3rd May signifies a lot of things for Australia. It confronts the durability of the current Labor government and it tests the incessant digitisation of election campaigning. Importantly, it challenges the newest generation of voters to understand how the election of a new government could impact their life. In this case, let us draw our attention to our health care — specifically, Medicare.
Lots of confusing Medicare rhetoric has orbited this year’s election coverage. The Labor government, pushing a strong appeal to the safety of Medicare in their campaign, are vying to convince people that they’ve done enough to not only sustain Medicare, but improve accessibility, whilst the Coalition are attempting to ride their coattails.
The Coalition’s stance on Medicare is an evasive rhetoric to pin down. In and amongst the distracting TikTok edits and strange thirst traps, determining the safety of Medicare is left in the balance. Whilst the Coalition is frequently associated with the infamous Medicare freeze of 2013-2016, it was the Labor government who initially introduced the freeze as a ‘temporary’ measure in 2013.

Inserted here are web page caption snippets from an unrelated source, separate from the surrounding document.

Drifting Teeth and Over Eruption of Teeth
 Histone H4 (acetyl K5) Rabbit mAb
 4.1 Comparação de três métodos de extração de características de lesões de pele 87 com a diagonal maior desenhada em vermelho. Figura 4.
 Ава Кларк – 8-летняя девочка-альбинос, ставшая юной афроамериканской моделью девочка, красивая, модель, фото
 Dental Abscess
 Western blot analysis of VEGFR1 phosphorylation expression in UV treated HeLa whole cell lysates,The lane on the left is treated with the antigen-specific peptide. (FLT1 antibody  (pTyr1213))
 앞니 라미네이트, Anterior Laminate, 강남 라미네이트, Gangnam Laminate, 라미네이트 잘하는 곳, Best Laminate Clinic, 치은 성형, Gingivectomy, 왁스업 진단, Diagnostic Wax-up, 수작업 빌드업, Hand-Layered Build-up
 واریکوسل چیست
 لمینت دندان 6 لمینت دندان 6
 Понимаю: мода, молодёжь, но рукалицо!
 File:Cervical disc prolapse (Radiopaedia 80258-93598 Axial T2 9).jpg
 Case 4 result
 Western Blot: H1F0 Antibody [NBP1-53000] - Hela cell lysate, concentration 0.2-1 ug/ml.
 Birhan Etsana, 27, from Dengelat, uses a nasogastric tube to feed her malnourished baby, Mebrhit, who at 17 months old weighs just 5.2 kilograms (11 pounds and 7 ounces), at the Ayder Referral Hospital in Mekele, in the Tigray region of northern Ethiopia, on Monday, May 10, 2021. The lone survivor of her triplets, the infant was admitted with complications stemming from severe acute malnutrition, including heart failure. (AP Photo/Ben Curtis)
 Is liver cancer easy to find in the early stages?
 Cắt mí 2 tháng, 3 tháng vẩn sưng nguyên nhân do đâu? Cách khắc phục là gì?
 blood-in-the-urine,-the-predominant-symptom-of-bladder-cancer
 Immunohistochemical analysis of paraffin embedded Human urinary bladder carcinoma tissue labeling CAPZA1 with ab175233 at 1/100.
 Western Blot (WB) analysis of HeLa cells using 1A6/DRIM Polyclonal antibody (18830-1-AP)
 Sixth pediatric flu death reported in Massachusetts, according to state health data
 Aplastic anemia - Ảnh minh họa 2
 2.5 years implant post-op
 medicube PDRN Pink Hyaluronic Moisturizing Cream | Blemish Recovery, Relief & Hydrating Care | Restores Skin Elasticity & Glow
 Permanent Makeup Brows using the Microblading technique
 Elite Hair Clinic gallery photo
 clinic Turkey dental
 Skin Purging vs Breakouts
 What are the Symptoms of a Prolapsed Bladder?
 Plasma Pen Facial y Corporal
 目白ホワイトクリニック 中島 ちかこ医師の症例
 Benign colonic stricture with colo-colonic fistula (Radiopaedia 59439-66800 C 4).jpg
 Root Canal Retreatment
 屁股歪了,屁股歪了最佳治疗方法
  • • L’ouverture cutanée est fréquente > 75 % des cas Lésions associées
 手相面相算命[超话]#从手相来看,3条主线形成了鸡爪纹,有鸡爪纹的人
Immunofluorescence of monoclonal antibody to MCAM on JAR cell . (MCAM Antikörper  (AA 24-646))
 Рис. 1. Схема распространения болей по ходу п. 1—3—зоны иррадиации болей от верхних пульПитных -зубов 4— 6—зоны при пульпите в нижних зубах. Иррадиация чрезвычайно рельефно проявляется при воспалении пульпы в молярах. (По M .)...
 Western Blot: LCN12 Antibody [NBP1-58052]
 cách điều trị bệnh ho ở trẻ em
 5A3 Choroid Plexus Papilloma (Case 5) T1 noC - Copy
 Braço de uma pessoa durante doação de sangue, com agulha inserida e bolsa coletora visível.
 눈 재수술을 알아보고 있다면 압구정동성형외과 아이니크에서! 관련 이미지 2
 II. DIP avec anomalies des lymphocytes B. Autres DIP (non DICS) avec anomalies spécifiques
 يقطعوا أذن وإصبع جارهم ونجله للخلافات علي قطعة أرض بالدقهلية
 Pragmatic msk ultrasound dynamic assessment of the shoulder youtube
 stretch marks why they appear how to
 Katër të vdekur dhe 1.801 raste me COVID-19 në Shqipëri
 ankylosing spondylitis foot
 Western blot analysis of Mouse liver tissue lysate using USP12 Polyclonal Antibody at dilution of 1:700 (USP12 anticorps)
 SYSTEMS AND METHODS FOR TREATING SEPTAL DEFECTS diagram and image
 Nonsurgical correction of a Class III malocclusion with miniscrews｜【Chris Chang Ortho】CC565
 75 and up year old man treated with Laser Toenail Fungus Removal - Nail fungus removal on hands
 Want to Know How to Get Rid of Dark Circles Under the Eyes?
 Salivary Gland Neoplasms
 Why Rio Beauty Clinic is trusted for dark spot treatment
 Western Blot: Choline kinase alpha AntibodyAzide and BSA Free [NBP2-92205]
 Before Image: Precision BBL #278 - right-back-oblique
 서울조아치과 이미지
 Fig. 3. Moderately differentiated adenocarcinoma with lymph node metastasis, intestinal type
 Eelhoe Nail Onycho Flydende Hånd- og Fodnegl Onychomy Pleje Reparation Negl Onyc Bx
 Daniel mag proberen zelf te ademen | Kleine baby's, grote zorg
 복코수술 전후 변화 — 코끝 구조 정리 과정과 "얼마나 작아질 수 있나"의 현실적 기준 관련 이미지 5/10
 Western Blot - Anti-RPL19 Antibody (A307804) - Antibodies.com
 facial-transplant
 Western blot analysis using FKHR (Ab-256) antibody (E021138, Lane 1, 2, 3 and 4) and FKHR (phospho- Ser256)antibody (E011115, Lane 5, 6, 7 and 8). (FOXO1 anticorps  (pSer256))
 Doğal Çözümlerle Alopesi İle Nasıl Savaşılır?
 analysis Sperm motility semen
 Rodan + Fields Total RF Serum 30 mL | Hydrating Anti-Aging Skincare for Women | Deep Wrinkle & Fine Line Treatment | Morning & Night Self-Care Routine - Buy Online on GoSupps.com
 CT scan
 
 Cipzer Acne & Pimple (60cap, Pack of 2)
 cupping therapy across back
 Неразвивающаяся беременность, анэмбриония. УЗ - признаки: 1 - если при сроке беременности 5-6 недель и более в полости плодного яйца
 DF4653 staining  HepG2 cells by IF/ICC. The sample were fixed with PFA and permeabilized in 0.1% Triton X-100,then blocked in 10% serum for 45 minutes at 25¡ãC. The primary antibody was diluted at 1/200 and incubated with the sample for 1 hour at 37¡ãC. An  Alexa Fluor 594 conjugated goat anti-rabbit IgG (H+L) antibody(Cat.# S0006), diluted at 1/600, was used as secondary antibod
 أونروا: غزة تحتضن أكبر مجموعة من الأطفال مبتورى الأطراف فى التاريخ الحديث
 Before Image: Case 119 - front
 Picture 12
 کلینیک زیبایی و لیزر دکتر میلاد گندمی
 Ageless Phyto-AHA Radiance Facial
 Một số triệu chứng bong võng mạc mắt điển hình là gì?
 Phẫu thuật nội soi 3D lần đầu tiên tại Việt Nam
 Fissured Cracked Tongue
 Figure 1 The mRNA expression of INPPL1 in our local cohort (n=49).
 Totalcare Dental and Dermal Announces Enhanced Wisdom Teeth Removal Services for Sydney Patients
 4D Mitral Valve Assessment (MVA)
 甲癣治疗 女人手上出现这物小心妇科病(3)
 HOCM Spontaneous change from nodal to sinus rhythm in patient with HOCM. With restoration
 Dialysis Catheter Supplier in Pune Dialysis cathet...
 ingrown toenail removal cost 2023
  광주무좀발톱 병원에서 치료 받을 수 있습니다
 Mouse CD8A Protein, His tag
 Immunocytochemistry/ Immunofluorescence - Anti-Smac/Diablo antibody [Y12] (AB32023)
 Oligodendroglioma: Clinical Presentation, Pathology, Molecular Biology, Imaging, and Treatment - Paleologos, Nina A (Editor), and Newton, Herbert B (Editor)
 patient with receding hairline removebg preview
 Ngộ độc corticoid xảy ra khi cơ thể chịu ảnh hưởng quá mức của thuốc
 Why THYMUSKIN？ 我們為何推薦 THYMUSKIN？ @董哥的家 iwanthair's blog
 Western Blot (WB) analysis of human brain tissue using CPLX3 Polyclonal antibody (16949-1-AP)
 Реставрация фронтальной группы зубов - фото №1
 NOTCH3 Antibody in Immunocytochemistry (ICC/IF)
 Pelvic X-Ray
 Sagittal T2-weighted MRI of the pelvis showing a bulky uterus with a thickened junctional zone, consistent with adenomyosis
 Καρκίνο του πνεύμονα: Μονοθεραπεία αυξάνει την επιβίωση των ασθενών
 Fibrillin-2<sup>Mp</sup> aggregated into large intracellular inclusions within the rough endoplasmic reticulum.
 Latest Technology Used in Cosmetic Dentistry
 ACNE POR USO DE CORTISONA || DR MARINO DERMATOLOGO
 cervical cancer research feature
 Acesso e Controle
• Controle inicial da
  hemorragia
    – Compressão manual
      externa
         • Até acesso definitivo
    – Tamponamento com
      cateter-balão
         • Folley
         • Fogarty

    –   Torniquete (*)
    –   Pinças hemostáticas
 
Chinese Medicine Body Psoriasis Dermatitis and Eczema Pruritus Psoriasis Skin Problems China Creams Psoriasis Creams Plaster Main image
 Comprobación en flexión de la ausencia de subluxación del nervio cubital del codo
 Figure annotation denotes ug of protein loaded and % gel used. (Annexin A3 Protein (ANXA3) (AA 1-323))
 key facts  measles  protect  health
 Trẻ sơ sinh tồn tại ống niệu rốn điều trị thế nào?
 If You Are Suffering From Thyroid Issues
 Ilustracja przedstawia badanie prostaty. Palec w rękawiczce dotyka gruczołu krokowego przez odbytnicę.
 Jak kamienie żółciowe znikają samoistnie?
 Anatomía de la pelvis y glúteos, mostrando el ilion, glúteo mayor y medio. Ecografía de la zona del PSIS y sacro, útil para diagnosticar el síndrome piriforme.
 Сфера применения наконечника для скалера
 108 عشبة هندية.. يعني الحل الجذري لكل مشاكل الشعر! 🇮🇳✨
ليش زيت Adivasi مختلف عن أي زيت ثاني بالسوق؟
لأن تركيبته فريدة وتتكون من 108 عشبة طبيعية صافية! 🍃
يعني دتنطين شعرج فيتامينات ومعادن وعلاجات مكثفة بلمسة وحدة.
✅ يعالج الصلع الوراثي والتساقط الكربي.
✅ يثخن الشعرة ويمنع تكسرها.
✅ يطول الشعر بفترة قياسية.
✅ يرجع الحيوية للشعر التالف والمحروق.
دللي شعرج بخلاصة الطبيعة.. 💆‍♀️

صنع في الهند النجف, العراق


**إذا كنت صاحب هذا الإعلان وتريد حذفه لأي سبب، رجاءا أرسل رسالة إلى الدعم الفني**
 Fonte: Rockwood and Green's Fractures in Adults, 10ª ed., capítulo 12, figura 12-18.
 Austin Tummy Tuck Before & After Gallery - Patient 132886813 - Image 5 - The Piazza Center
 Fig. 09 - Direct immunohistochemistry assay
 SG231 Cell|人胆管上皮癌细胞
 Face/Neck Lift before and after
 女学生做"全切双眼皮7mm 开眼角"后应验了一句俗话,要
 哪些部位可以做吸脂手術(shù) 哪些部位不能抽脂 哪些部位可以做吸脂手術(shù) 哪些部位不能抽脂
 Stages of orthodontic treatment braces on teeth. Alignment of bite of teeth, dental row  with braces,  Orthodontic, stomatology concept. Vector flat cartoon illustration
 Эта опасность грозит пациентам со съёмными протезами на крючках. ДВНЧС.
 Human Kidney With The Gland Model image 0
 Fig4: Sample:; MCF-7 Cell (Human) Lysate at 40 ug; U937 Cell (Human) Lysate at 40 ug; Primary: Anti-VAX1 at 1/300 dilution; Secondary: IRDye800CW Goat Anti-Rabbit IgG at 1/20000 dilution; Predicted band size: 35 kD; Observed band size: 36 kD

Both parties are pledging billions to appeal to healthcare sympathies in this year’s election. Since 2023, the Labor government has boasted the opening of 87 Medicare urgent care clinics: completely bulk billed practices for families and individuals seeking urgent care. The closest Medicare Urgent Care Clinic to the University of Sydney’s campus is located in Maroubra, followed by a location in Carlton.
With the caveat being that they get elected, the Labor government is pledging to open another 50 clinics by June 2026, and to inject a further $12 billion into supporting the bulk billing system and incentivising practices to support the system.
The significance of bulk-billed and subsidised health care can not be overstated; especially for young people, complex health care, people with a low socioeconomic background, and disadvantaged community groups. These urgent care clinics are essential and should be included when assessing the priorities of election promises.
Alongside this pledge, proposed improvements to practice consult fees have recently been announced. The proposition increases the incentive for Doctors for shorter consults ($95 for up to 15 minutes with a current rebate of $42.85) but does not improve the subsidy for longer consults ($155 for up to 40 minutes with a current rebate of $82.90). The proposed increase to standard consult incentive rebates will go up by approximately 20 per cent to $63.50.
There are a few concerns about this pledge. Importantly, nothing changes to the average Australian’s pocket. As it stands this is a pledge for doctors to benefit. This incentive is implementable for fully bulk-billed practices and does not account for mixed billing or private billing practices. It is for the doctors, but this does not mean that doctors are inherently better off. Switching to complete bulk-billing may not be feasible for some doctors due to operational costs, the ongoing aftermath of the infamous Medicare freeze and keeping pace with inflation. Also, not every item number (service provided by the doctor) is included in this proposed incentive — and again does not factor in complex care. There are still many details left to be developed for this Medicare proposal to ensure it bolsters both the patients and creates nuanced assistance for doctors.
Whilst this is a considerable amount of support and money being put back into Australian pockets, the improvements neglect the significance of longer consults. According to the Royal Australian College of General practitioners, there has been a long-standing demand for “increased bulk-billing incentives and patient rebates for longer consultation”, especially in the 2023-2024 budget announcement. This call for funding demands more “support enhanced primary care services for vulnerable patients and more investment in rural health”, such as prioritising women’s health and complex care and management.
Included in complex and general practice care, the Pharmaceutical Benefit Scheme (PBS) is another unsung champion of healthcare. PBS is a program that subsidises and limits the cost of essential medication on the PBS listing determined by the Pharmaceutical Benefits Advisory Committee. The scheme also has a concession system for those on Health Care Cards (like students living out of home) and pensioners.
The maximum co-payment for PBS medicines is currently $31.60, but if the Labor government is elected, they are promising to drop that maximum to $25 — an intriguing and relieving incentive. However, whilst valuable, the PBS scheme does not apply to all medications and is still lacking on essential medications like Hormone Replacement Therapy (HRT) medication.
It is crucial that students are aware how their vote on 3rd May impacts their healthcare. Especially now, when essential medications like ADHD and diabetes medications and complex care cases are experiencing unprecedented curtailment.